Many representatives from Association of Southeast Asian Nations countries have made no effort to contact us either. Why? They have no interest in what we want for our people? They do not want to know what kind of relationships—immediate and future—we want to establish between their countries and ours?
The international community needs a wake up call, if we're going to come up with an effective strategy to help Burma, we're not going to do it without the help of Burmese democratic leaders. Sitting around and telling the SPDC to start talking to the opposition is just empty rhetoric, when we ourselves aren't even engaging the democratic leaders in a constructive dialogue. But then, those countries who are supporting the 'constructive engagement', and who are in the best position to bring about change, benefit just as much from having the SPDC in power. Thailand might not like the refugees, or the drugs flowing across its borders, but Thaksin certianly likes the power and profit he's getting from the hydroelectric dams and oil pipelines.
Most directives for change from the outside are aimed at the generals, and rely on their compliance for any benefit. These are people who have by all rights committed crimes against humanity, and we are relying on them to listen to us? We're the ones who need to start listening, and not to the SPDC.
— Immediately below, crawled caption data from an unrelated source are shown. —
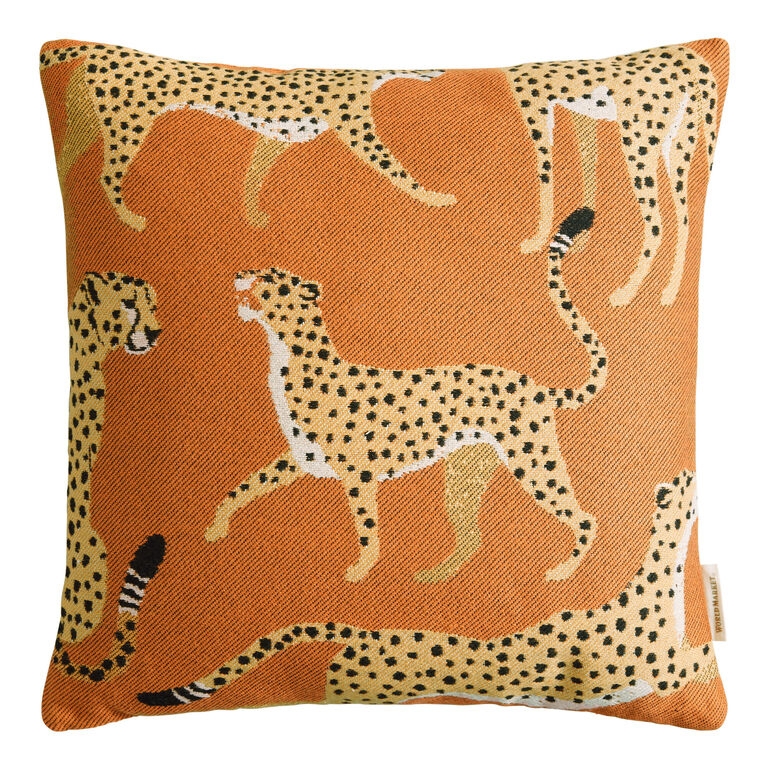 Throw Pillow with Orange and White Safari Cheetah Print and Piped Edges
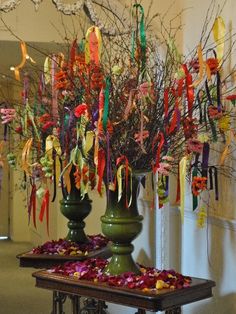 two large vases filled with flowers and ribbons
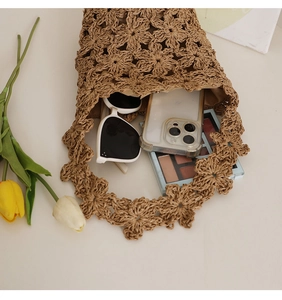 Détail du sac seau floral crocheté à la main montrant l'espace intérieur avec des accessoires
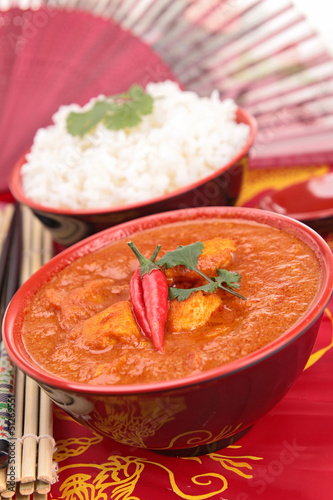 Photo: bowl of curry chicken and rice bowl of curry chicken and rice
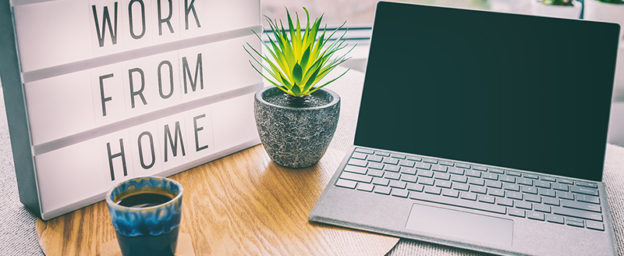 work from home sign with laptop, coffee cup, and plant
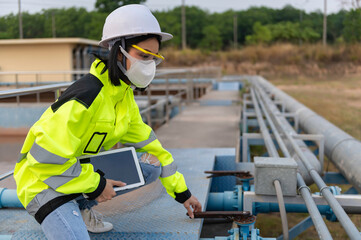 Environmental engineers work at wastewater treatment plants,Water supply engineering working at...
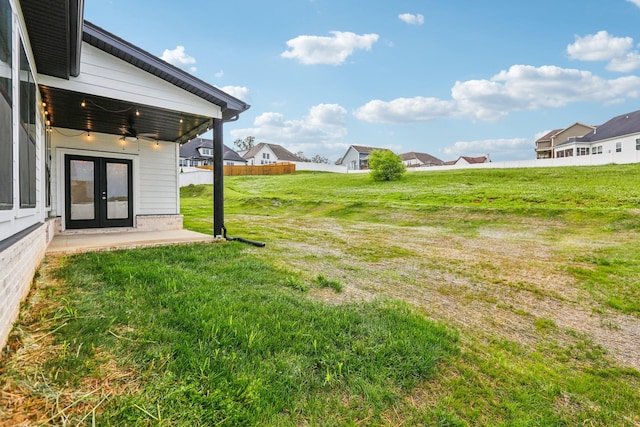 6807 Kew Gdn, Smyrna, TN 37167 - view of green lawn with french doors, a residential view, and a ceiling fan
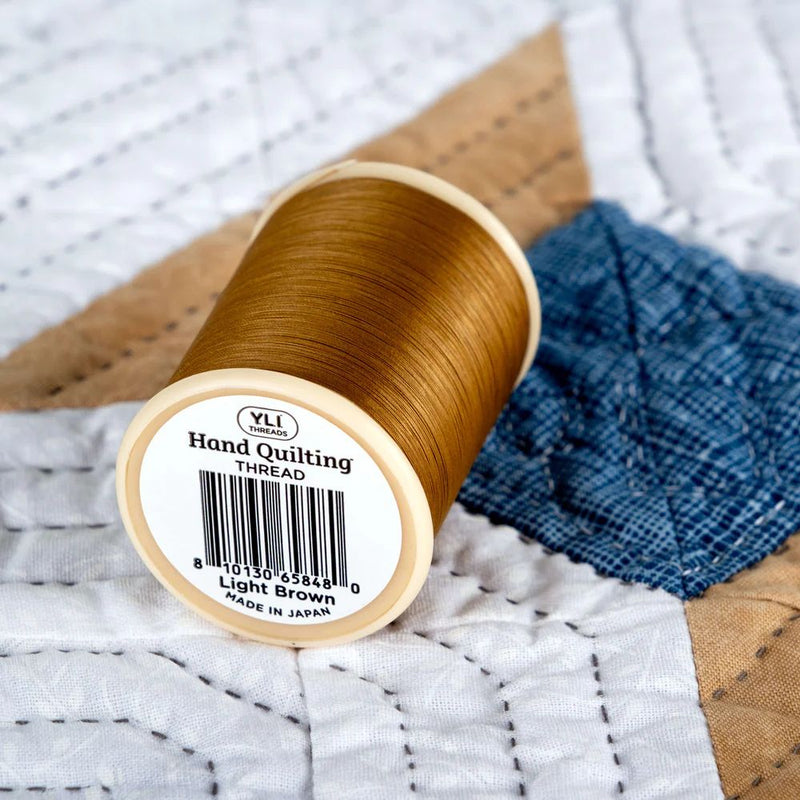 YLI Hand Quilting Thread 40 wt  3-ply 457 m (500 yd.) spool - Light Brown 003 showing bottom of spool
The international community has built up a list of symbolic gestures the generals can make, namely, releasing Aung San Suu Kyi, and ending the armed conflicts in the ethnic states. The SPDC has signed cease-fire agreements with all but a handful of the armed struggle groups. They did so by buying off the leaders with the rights to produce opium and heroin without penalty, and to tax the locals. Arguably, peace under the SPDC is no better than life under a civil war. And yet, without understanding the situation in the ethnic states, their relationship to Burma, and their own sense of identity, outsiders would casually deny them the right of armed struggle as a legitimate tool of the oppressed. The SPDC can easily manipulate this situation to earn brownie points. Its the same with Aung San Suu Kyi - if they ever release here, it will probably be done after their sham constitution has guaranteed them some right to power and her release will be a political gesture to win points without actually posing a threat to them. If we would actually engage the resistance leaders in a constructive dialogue, then maybe the international community and ASEAN's efforts wouldn't be so disjointed. And the SPDC might not be able to play their games so easily.